Location and climate
Close to mountains, the sea and Paris, Lyon is well connected to the rest of Europe (4 hours 40 by Eurostar to London and direct flights to three of London’s four airports). Lyon is considered a young city, vibrant, international and very festive. The climate of Lyon and the Rhone is semi-continental with alternating influences of Mediterranean climate, continental and oceanic, with Spring and Autumn being particularly pleasant. Summer can be sweltering with temperatures up to 30 degrees, whilst winters are harsh, marked by sometimes heavy frosts and snowfalls that can go up to 10 cm, which invariably cause huge traffic jams.

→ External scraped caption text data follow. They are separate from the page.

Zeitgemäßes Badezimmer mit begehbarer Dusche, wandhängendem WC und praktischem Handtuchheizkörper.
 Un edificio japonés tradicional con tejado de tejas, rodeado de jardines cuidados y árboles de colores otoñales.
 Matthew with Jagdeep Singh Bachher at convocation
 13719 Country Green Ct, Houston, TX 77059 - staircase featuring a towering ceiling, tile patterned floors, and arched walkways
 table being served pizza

Lyon is an easy city to navigate; it’s big enough not to get bored and there are plenty of choices for restaurants, cinemas, culture and day trips, but it is still small enough to walk everywhere.
Culture and Leisure
There are lots of amazing festivals in this French city such as the Fête des Lumières (sound and light show attracting three million people every year) and the Nuits de Fourvière (summer concerts in the Roman amphitheatre). Lyon is constantly being improved too with various dynamic urban developments.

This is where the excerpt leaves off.